WORK INSTRUCTION:
Copy out, exactly, the first line of the entries below and every line after it through the one containing "4821 Petal Pawpaw Ln, Saint Cloud, FL 34772".

══ EXTRACTED ENTRIES ══

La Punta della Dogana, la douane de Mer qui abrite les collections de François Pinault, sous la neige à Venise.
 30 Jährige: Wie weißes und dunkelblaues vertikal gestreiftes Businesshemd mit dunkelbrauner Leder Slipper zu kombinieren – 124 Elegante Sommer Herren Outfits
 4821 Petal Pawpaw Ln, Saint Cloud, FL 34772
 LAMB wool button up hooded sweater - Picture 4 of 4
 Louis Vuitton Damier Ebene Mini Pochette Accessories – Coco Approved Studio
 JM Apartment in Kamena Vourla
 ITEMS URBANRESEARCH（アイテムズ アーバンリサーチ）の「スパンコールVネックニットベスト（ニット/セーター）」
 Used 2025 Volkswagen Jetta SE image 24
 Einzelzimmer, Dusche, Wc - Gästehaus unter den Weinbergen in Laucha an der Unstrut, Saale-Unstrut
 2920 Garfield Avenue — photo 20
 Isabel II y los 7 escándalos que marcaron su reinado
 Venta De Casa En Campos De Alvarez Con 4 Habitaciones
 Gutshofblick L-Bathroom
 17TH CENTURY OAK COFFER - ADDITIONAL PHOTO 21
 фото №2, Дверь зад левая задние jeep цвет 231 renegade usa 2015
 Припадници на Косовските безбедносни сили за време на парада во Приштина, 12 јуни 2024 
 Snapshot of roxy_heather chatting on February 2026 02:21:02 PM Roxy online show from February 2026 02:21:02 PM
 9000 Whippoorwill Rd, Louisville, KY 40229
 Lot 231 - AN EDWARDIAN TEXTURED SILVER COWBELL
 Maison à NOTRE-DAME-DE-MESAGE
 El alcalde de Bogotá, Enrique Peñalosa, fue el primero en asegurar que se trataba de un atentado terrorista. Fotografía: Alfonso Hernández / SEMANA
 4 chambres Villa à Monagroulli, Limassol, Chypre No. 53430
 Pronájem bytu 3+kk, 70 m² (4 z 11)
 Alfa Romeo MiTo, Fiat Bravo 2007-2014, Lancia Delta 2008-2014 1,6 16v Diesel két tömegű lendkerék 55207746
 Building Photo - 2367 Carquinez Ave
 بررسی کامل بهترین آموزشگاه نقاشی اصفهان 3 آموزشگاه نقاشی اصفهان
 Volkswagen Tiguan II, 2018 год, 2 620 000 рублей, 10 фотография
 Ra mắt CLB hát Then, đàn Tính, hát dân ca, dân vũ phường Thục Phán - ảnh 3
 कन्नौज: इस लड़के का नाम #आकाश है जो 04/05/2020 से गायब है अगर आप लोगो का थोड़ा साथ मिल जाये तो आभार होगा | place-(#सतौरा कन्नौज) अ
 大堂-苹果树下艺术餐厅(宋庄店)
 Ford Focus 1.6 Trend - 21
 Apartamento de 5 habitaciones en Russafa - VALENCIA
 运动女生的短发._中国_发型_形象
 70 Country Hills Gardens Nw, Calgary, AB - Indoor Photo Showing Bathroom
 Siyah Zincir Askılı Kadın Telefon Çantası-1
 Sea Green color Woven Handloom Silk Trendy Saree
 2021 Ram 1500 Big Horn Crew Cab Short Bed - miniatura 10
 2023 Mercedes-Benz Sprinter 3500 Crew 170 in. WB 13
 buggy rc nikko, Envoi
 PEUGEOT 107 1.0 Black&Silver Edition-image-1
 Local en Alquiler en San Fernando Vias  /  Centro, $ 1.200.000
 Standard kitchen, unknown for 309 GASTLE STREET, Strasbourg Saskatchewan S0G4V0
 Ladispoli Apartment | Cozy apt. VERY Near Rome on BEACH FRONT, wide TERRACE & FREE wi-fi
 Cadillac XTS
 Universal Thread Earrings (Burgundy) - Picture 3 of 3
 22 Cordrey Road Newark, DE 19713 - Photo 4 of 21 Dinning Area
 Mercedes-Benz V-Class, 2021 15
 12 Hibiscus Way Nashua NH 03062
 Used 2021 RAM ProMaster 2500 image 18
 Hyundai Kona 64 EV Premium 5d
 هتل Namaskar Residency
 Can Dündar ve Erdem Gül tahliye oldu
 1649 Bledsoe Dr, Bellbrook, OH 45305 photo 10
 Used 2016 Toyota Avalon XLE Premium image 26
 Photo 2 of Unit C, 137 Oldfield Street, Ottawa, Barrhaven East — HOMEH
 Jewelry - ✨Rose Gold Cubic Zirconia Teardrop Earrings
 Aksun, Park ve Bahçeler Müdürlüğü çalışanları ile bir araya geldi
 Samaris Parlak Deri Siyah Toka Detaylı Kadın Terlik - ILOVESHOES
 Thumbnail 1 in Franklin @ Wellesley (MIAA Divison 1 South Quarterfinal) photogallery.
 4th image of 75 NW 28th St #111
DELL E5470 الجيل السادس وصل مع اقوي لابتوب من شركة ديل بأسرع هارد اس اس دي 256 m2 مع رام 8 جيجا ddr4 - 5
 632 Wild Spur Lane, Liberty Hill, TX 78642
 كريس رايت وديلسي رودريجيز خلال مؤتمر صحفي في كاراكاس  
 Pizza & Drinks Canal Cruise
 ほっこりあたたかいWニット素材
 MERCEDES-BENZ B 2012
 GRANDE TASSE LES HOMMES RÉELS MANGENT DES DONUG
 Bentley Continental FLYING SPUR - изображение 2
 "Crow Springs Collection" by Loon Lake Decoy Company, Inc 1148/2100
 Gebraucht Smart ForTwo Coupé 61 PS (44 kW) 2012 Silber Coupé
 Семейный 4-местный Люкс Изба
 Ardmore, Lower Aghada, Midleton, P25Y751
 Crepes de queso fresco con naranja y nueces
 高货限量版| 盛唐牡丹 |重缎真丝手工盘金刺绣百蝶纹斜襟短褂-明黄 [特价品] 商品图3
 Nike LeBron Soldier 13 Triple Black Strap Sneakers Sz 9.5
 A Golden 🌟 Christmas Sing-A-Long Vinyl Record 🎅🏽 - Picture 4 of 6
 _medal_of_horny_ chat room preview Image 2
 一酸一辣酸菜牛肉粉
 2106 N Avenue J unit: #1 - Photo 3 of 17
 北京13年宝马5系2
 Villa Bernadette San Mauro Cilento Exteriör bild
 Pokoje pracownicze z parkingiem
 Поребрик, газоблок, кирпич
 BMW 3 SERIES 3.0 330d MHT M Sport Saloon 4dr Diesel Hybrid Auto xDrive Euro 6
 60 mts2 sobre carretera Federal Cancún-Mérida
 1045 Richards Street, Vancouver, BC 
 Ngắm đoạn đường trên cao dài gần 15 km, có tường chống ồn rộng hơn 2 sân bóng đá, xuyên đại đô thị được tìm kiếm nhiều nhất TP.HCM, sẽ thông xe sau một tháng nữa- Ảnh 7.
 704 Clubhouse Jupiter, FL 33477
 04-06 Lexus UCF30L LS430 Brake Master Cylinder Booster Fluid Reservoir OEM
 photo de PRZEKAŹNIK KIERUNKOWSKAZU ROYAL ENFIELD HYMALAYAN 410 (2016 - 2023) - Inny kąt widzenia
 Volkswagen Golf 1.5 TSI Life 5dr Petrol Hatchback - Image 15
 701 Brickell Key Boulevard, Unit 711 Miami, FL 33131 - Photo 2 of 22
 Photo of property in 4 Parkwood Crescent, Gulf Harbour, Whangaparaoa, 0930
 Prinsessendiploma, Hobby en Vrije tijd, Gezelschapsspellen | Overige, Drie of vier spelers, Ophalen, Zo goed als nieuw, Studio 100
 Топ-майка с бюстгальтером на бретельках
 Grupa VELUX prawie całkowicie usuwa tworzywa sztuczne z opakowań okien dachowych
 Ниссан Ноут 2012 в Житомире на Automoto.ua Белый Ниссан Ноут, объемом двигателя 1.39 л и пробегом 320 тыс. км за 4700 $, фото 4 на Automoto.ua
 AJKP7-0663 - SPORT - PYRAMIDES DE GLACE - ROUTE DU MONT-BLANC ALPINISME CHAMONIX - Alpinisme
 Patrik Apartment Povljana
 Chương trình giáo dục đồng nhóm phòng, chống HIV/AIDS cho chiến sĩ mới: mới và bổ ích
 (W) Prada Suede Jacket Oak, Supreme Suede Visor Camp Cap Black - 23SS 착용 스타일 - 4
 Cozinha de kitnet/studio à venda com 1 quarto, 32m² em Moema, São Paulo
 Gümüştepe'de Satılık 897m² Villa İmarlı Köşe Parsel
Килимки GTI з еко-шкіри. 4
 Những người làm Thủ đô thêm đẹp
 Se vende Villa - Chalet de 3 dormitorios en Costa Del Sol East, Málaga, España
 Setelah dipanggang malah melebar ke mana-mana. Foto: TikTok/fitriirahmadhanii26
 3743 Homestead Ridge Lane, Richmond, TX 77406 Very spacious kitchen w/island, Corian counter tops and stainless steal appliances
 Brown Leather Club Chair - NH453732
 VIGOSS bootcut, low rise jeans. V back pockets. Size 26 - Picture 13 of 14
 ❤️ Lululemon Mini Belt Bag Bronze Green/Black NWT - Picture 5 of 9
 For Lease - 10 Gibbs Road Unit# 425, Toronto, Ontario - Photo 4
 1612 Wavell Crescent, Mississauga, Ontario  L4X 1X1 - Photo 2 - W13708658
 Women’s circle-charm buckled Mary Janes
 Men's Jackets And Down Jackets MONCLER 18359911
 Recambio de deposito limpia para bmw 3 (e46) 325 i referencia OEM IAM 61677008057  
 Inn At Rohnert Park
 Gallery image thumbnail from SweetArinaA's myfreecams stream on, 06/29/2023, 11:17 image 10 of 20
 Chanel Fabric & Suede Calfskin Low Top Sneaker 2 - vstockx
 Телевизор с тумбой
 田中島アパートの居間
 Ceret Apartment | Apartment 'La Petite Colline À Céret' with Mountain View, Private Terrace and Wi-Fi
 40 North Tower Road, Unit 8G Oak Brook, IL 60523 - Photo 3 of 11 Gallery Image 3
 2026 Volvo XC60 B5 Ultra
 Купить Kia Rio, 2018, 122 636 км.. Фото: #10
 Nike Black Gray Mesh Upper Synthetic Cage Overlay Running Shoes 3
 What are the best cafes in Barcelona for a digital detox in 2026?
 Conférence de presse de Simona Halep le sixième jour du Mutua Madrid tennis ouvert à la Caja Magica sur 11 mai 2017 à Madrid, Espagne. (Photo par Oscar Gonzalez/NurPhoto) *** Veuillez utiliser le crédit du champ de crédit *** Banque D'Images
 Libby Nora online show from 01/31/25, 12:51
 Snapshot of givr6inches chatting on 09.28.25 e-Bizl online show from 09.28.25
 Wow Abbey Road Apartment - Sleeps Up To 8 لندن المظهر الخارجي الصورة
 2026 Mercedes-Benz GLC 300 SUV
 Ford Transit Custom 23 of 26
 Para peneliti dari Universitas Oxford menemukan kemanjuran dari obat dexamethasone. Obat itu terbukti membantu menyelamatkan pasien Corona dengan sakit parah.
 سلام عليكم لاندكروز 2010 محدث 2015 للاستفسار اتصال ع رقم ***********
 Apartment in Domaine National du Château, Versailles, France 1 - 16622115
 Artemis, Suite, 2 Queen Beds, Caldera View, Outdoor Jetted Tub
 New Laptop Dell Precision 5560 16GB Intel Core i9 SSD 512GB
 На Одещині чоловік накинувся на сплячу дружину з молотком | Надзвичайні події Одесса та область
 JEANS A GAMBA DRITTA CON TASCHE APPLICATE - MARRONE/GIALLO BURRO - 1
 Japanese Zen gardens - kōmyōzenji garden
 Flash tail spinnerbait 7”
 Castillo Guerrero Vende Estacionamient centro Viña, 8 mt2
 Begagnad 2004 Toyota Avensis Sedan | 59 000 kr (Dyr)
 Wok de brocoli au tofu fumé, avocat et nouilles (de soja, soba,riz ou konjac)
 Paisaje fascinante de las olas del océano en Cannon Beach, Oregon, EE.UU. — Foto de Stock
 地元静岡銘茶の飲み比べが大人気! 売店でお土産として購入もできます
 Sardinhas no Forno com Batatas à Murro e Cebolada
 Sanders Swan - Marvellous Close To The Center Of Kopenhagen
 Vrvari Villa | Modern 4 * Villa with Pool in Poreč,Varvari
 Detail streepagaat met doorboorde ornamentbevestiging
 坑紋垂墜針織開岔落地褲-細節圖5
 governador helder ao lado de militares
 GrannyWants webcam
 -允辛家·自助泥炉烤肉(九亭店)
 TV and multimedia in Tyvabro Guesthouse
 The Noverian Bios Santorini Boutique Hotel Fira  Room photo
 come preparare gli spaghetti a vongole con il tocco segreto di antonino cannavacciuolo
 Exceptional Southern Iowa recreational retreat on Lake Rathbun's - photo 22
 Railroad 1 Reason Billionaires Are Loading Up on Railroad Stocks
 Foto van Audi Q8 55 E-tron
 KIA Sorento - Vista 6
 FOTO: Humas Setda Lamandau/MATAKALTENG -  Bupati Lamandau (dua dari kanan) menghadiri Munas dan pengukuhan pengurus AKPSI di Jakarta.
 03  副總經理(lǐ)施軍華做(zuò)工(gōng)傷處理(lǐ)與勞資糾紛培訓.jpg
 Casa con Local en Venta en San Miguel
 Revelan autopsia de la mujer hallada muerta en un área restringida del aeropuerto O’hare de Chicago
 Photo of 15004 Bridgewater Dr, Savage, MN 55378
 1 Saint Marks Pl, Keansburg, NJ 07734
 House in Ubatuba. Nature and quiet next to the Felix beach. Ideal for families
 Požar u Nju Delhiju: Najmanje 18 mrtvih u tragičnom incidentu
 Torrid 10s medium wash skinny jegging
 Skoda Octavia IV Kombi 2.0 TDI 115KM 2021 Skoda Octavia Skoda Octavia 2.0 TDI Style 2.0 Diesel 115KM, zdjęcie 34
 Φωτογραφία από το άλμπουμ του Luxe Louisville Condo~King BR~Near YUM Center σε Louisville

═══

EXPECTED ANSWER:
La Punta della Dogana, la douane de Mer qui abrite les collections de François Pinault, sous la neige à Venise.
 30 Jährige: Wie weißes und dunkelblaues vertikal gestreiftes Businesshemd mit dunkelbrauner Leder Slipper zu kombinieren – 124 Elegante Sommer Herren Outfits
 4821 Petal Pawpaw Ln, Saint Cloud, FL 34772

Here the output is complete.